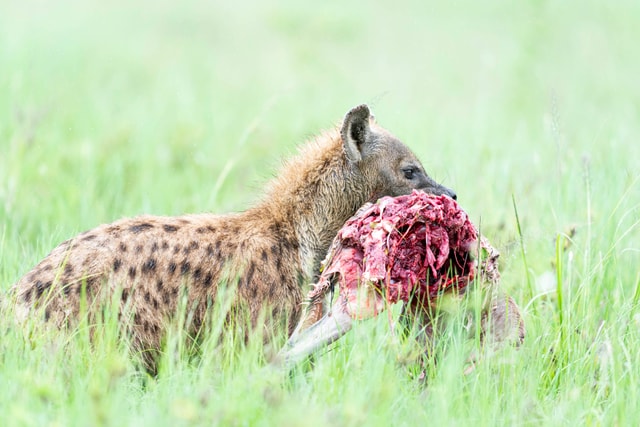 ACP - tanzania februari-9203522.jpg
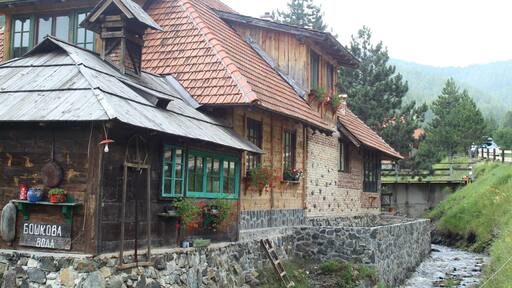 Mountain Zlatibor and its surroundings are a pearl in the tourism of Serbia. Must visit waterfalls, caves and ethno villages to try local specialties.
#Trovember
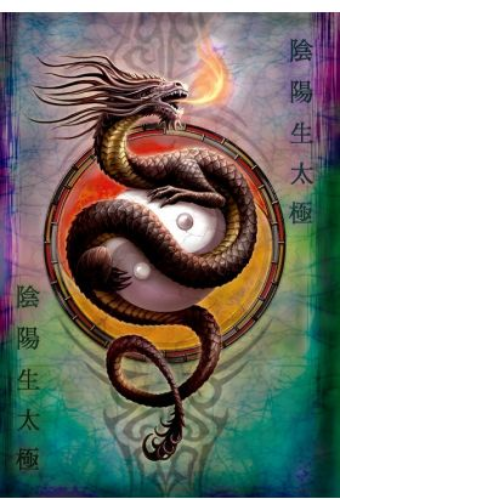 Ying Yang Protector Blank Greetings Card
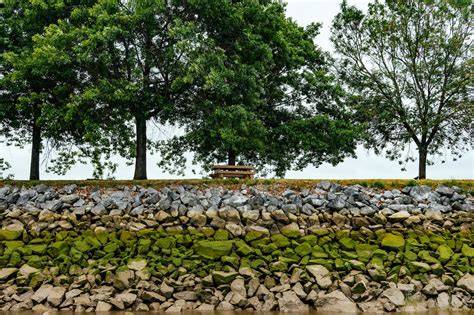 Cementerio Parque del SOL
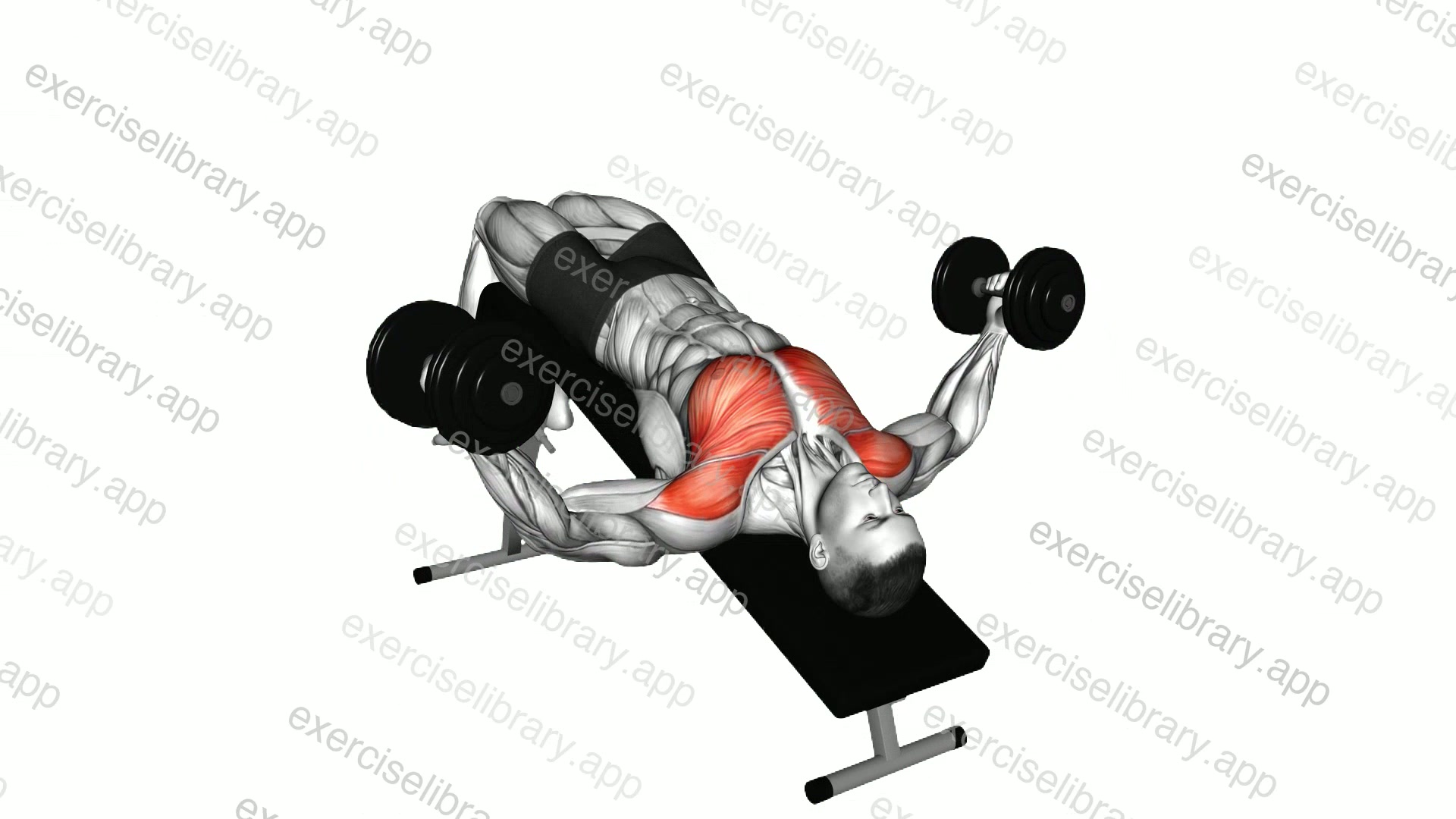 Dumbbell Decline Fly demonstration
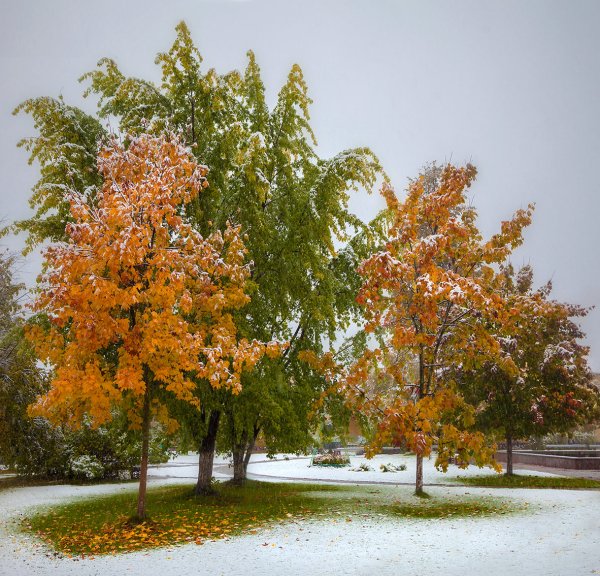 Деревья в ноябре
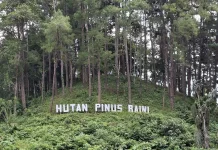 Mahasiswa KKN UIN Kendari Kolaborasi Kembangankan Wisata Hutan Pinus Baini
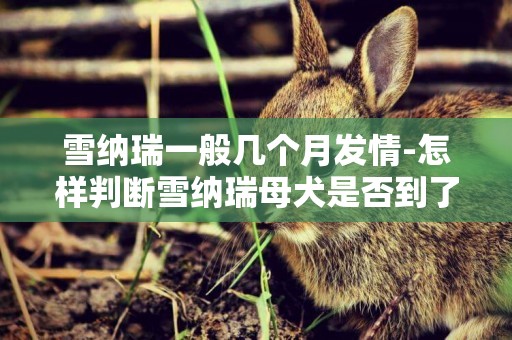 雪納瑞一般幾個月發情-怎樣判斷雪納瑞母犬是否到了發情期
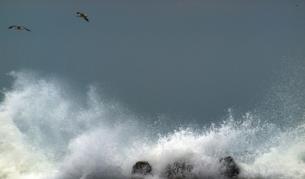 Награждават морски спасители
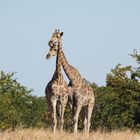 Giraffen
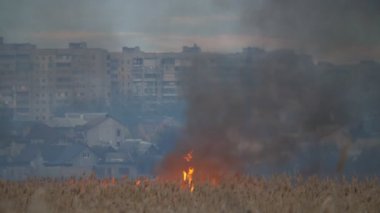 Yanan bulrush cattails slo-mo Heartbreaking görünümünde gece ilkbaharda Dnipro kıyısında yanan bulrush ve saz ve gece Dnipro kıyısında Kherson çok uzak olmayan yaprakları okuyun. Evler çok uzakta görülüyor..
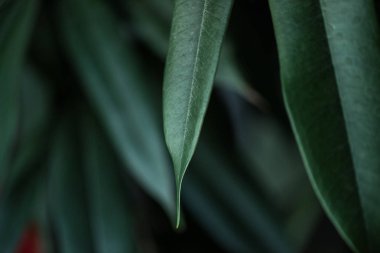 close up view of plant with long green leaves backdrop clipart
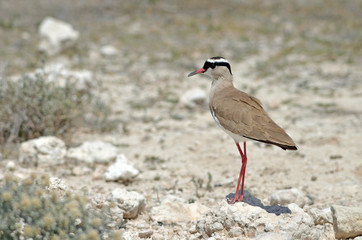 Crowned Lapwing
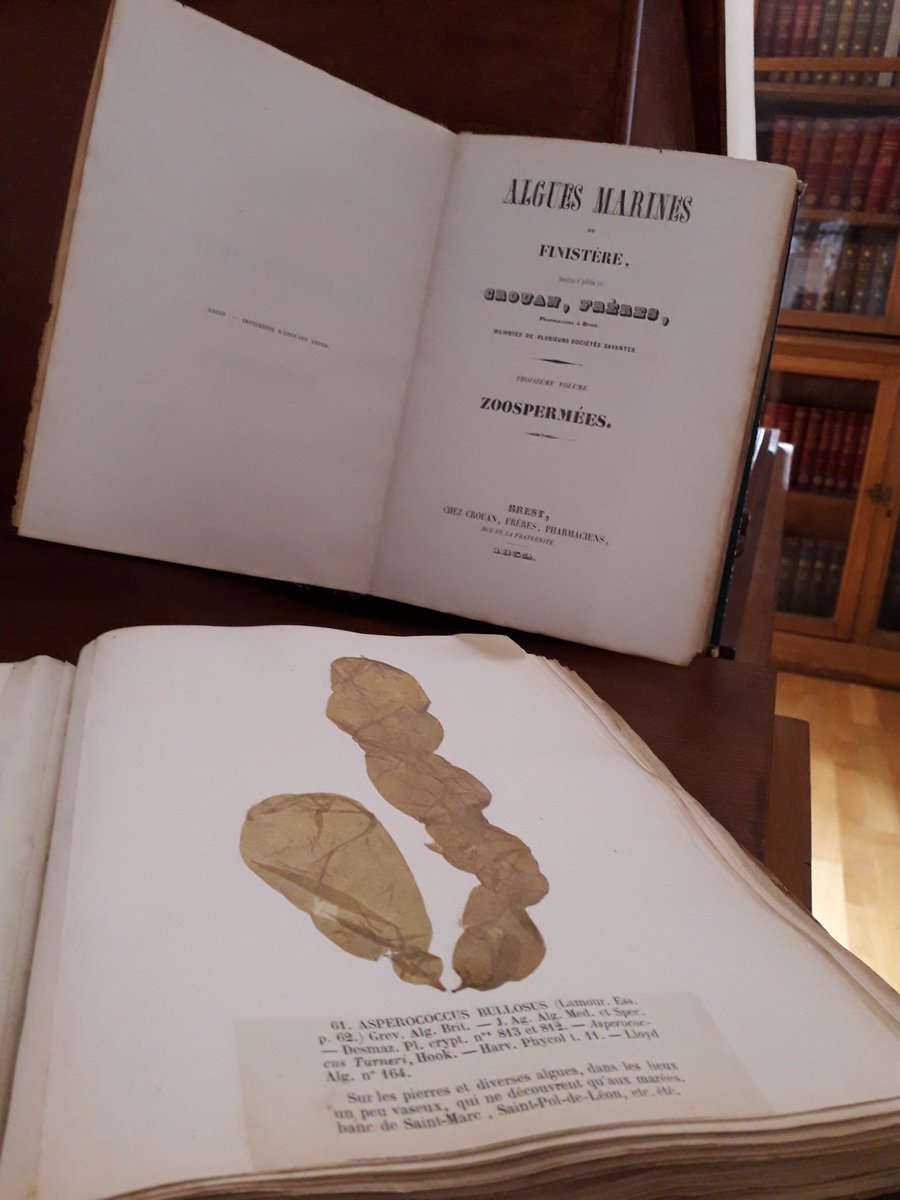bleunven_p's tweet photo. Lorsqu'on est en stage à la @SBRoscoff, on à la chance de découvrir certain trésors dans la bibliothèque. Des grands noms scientifiques, des magnifiques illustrations et de beaux alguiers
#DDSenStage https://t.co/GB8cCS9iy3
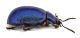 Comb0511_21jcr.jpg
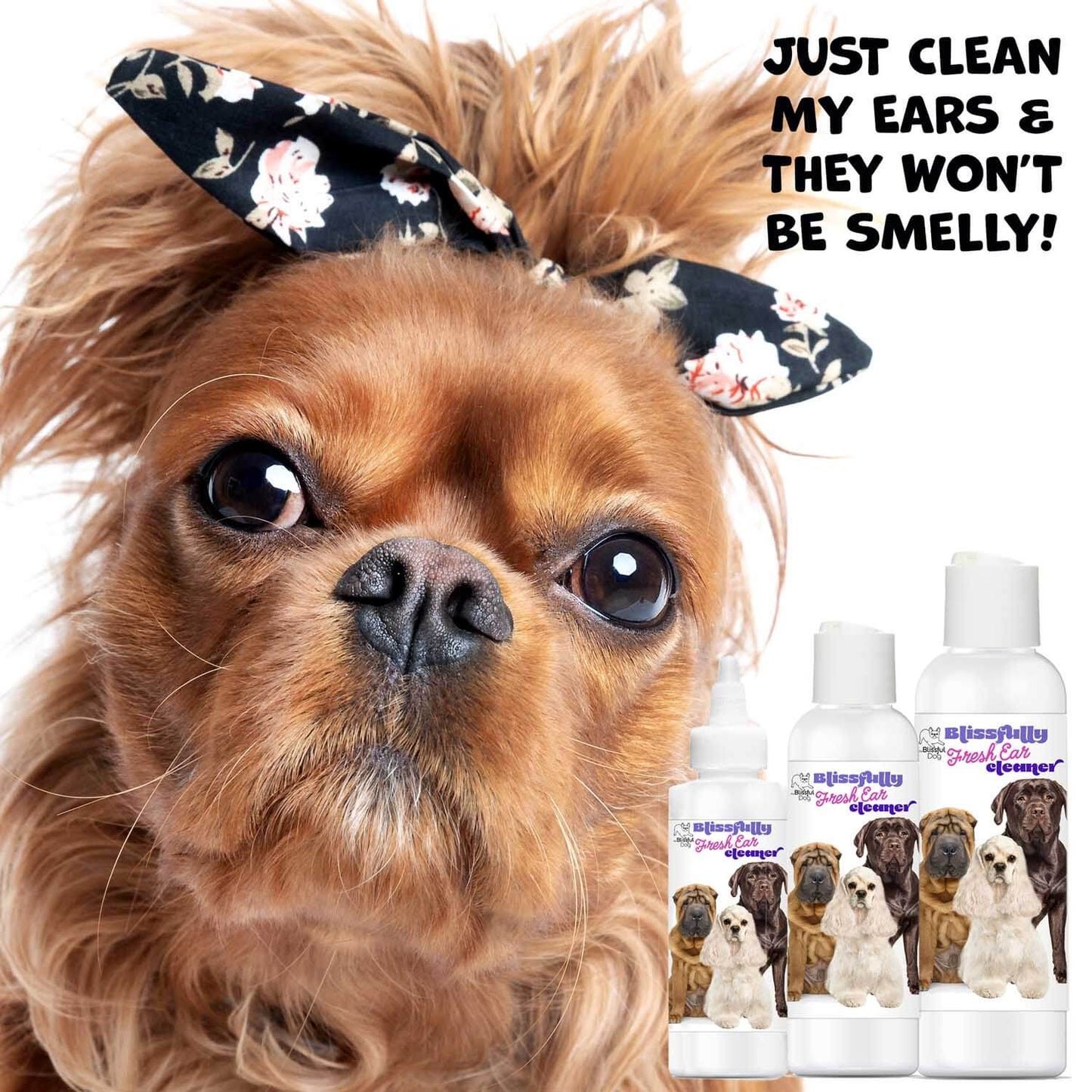 Cute dog with floral bow and dog ear cleaner bottles, promoting Blissfully Fresh Dog Ear Cleaner for clean, fresh ears.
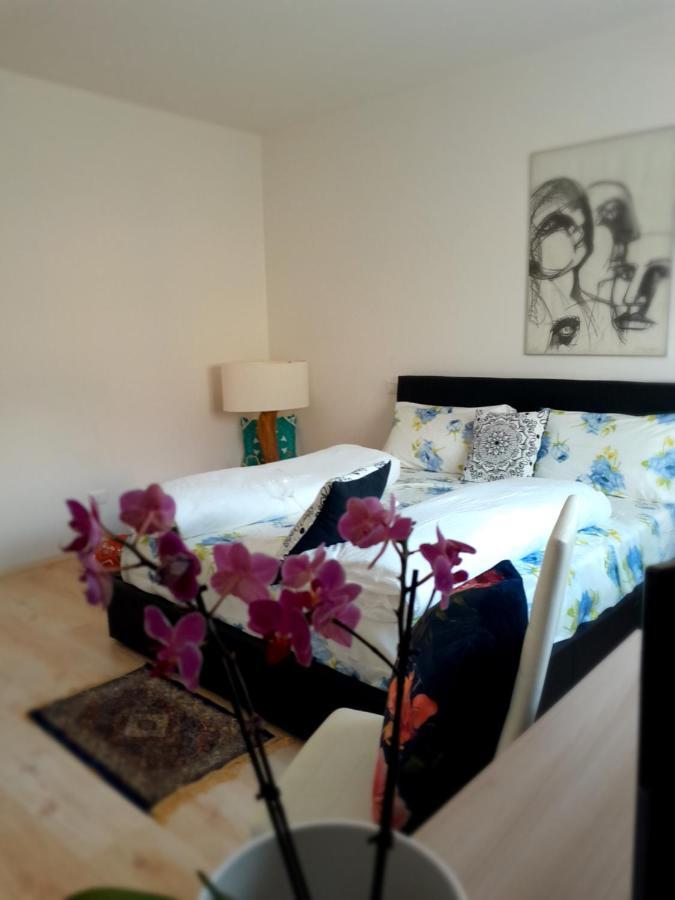 Mattarello Appartment Lodged Mamma Maria מראה חיצוני תמונה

* **What needs to be done**
Everything from the line with "bleunven_p's tweet photo." through the last line of the listing should be retyped exactly, with both end lines kept and the pictures left out.

* **Answer box**
bleunven_p's tweet photo. Lorsqu'on est en stage à la @SBRoscoff, on à la chance de découvrir certain trésors dans la bibliothèque. Des grands noms scientifiques, des magnifiques illustrations et de beaux alguiers
#DDSenStage https://t.co/GB8cCS9iy3
 Comb0511_21jcr.jpg
 Cute dog with floral bow and dog ear cleaner bottles, promoting Blissfully Fresh Dog Ear Cleaner for clean, fresh ears.
 Mattarello Appartment Lodged Mamma Maria מראה חיצוני תמונה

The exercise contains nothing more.